The failure of the America Invents Act of 2011 to deter troll activity has led to calls for further legislation to combat frivolous lawsuits, and the introduction to Congress late last year of the Innovation Act.
Kevin Meek of Baker Botts says that in 2013 “the problem of trolls changed from an economic and judicial reality into a front page story”, drawing legislators into an issue far more complicated than they realised.
He explains: “How do you define a non-practicing entity, and what do you do if you have one? And are the new rules going to apply to both sides of the docket?” Meek, who leads the firm’s IP department in Austin, Texas, has reservations about the rush to legislate.
“It really is a zero sum game. If you make it more difficult to enforce a patent, you lessen its value,” he says. “People who hold legitimate patents, who are actually protecting legitimate markets, will also be taxed.”
Legislating for trolls
The Innovation Act’s main proposal requires a seismic shift in the US approach to litigation: requiring the loser to pay legal fees. Meek doubts whether there is an appetite for such a volte face.
“It’s a wholesale societal change, and a completely different philosophy [to the current approach]. You’re making your courts much more difficult to get into.” He believes businesses and lawyers alike will baulk at the prospect.
Gunther, on the other hand, says an introduction of a ‘loser pays’ rule “has the potential for actually changing the dynamic”. He accepts that it will face serious opposition in the Senate, however, saying “it’s [seen as] a very unusual type of provision” in the US.
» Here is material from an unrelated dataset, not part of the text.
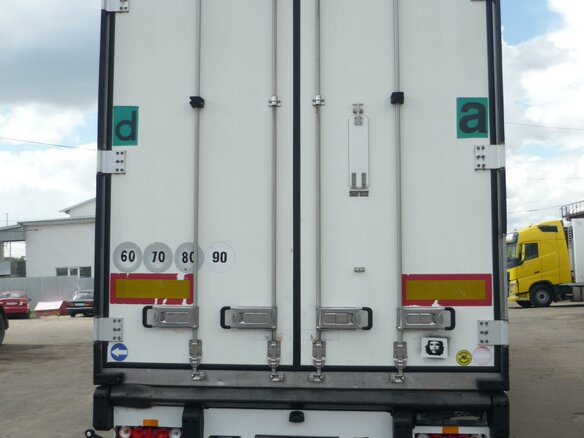 2013 Volvo FH, красный, 7800000 рублей - вид 8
Still, Gunther believes it would embolden defendants to resist settling. “There is a good chance that it is going to be enacted into law,” he says. Meek remains less sanguine about passing an effective piece of legislation to deal with the patent troll question.
“I don’t know what will survive,” he says. “I know that Congress is desperate to get something done, and I know that as usual they spoke before they knew what they were talking about, which the Presidency did, too. It’s classic Washington, DC.”
Gunther has more faith, given that there is currently no other high-profile legislation on the table to distract legislators. “Right now it feels like the whole thing is on a fast track,” he says. “Within the next year, we’re going to see some additional reforms enacted into law.”
Legislation aside, both men expect a similarly heavy workload in 2014. “The basic non-practicing entity marketplace hasn’t changed; it’s still cruising along,” says Meek. For his part, Gunther noted an increase last year in decisions favouring defendants in East Texas, as well as a shift towards Delaware as the forum of choice for litigants.
He expects the latter trend to continue in 2014. “Delaware is a hard court in which to get summary judgment for the defence, so the likelihood of a trial is fairly high,” he says. “More people are opting for Delaware as they see that results are getting a little less predictable in East Texas.”
He adds: “I think 2014 is going to be a ‘business as usual’ year. But if I’m right, something is going to get enacted into law sometime in the latter part of next year, meaning 2015 could be a little different for us.”